2.窓際とスケッチブックの傍観。
START
カララ
「しっつれいしまーっす」
鍵をぶんぶん回しながら、誰もいない部室に入ってきた。部室、は美術室。私は美術部。加賀野っちと、しょーこっち、いとーちゃん、いのちゃんも同じ美術部だ。
いつもは加賀野っちも一緒に来てんだけど、今日は向こうが用事があるので、1人で来た。いつも何かと先に来ているので、私が鍵係となっている。

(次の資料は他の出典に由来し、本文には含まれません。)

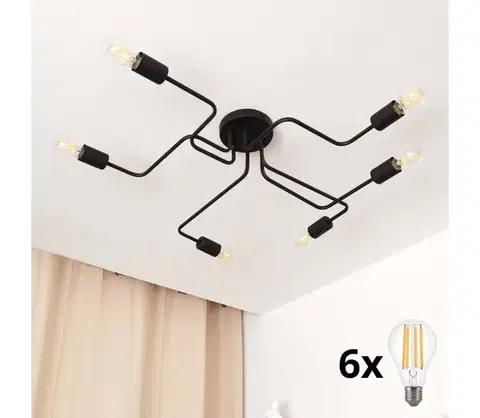Svietidlá  LED Prisadený luster TUBE 6xE27/15W/230V P-1924/6 BK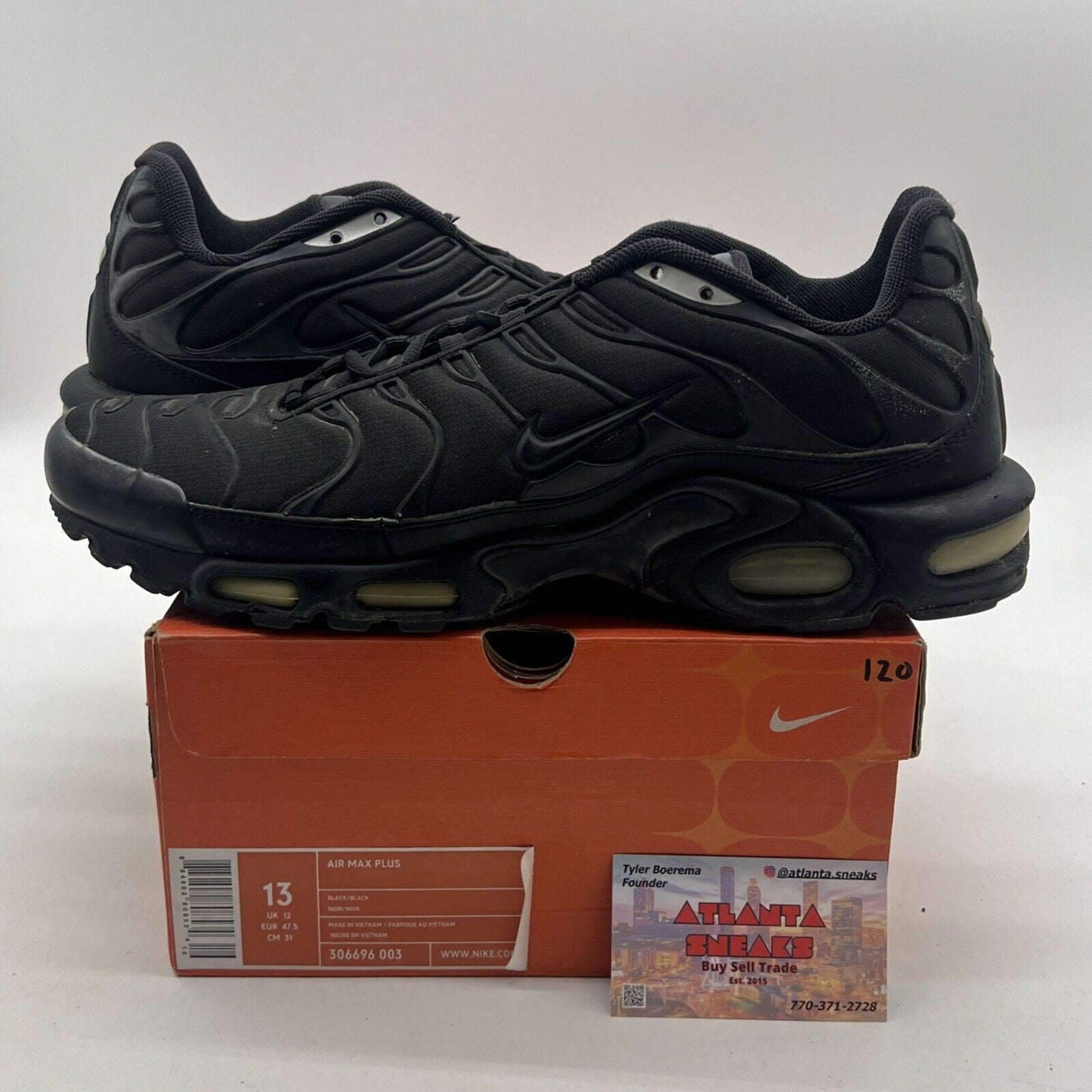 Size 13 - Nike Air Max Plus Low Triple Black Running (306696-003)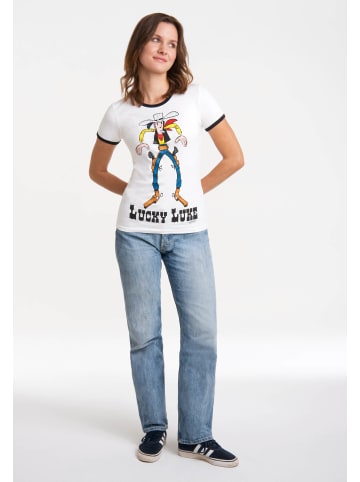 Logoshirt T-Shirt Lucky Luke in weiss-dunkelblau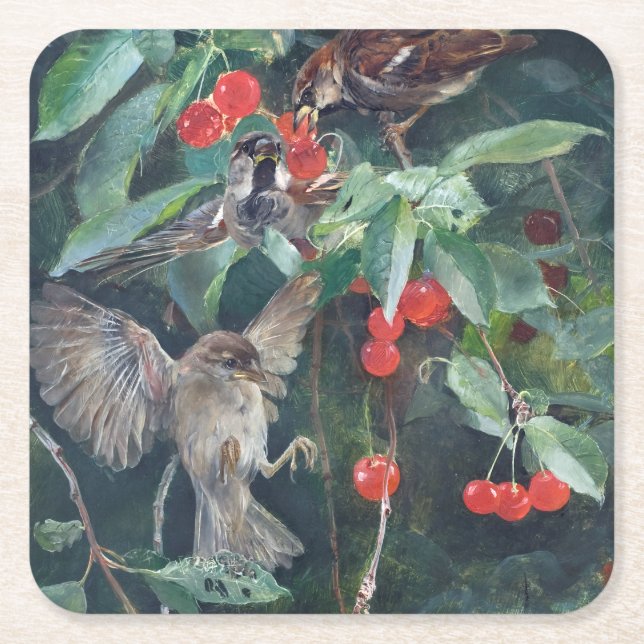 Sparrows in einem Kirschbaum, Bruno Liljefors Rechteckiger Pappuntersetzer (Vorderseite)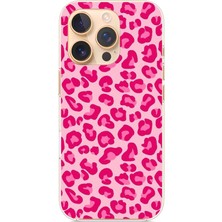 TechTree iPhone 16 Pro Uyumlu Pembe Leopar Tasarımlı Baskılı Silikon Kılıf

いつものところに鍵をかけ、窓側のいつもの席にカバンを投げ置く。落ちた。拾って中からスケッチブック、筆箱の中から世界のアイドル犬のシャーペン、お気に入りの黄色い消しゴムを取り出す。
さ、準備完了っ!
描きかけのページを開き、描き足していく。
次の大きなイベントは学園祭でしばらく空くから、部員全員で絵の採点会を開催している。採点者は顧問の先生だから、ひと呼んで顧問杯かな………
あ、時間。
忙しなく、スケッチブックを抱えたまま窓を開ける。
窓とこちらを隔てている水道に膝を当て、前のめりの姿勢で向こう側を覗く。
───芝生が広がっている。両端に、白い屋根の少し大きめの小屋と、錆びた色の屋根の小屋があり、私は白い屋根の方を覗いた。
探す。
いつもの人を。
……あ。
いや、違った。
人違い。
また違う。
違う……今日遅いなぁ………あっ。来た!
私はもっと前のめりになった。3人、横一列に並んでいる。でも、一番奥の人にしか目が行かない。
彼は、前を見ていた。
ふぅ、と息を着くところだった。
何かを上にあげて、そして、真っ直ぐ目の前に下ろした。
弓矢だ。
その弓を引く。
引く。
引く。
引く。
───止まる。
私は、
無意識に瞬きをした。
目を開くと同時に、ちょうど矢が放たれた。
草原の中を、ひゅ、と通り過ぎる。
そのまま、なんの音も出さず、的に突く。
────彼の方に目を向けた。
表情を変えず、ふ、と息を着いて去ってしまった。
少し満足そうに、的のど、真ん中に突いた矢を見つめながら。
カララ
「失礼しまーす」
「おー醒さん。今日も早いなー」
「あ、枚川ちゃん、スケッチブック水道の中に落ちてる!」
「ほんとだ」
「もー枚ちゃんほんと天然だねー……あれ?加賀野ちゃんは?」
「あー、伊藤氏の教室に行く前にすれ違ったよ。職員室に行くとか言ってたな」
「遅れるのかー。ちょっと語りたい曲あったんだけどなー」
「あ、それって加賀野ちゃんの好きなバンドの?」
「うん!昨日久々に聞いたらハマっちゃってさー」
………はぁぁぁあああああああああああ!!!かっこよかったああああああっ!!!
みんなの会話を聞きながら、冷静を装ってスケッチブックをハンカチで拭いているけど、心の中はパーティだった。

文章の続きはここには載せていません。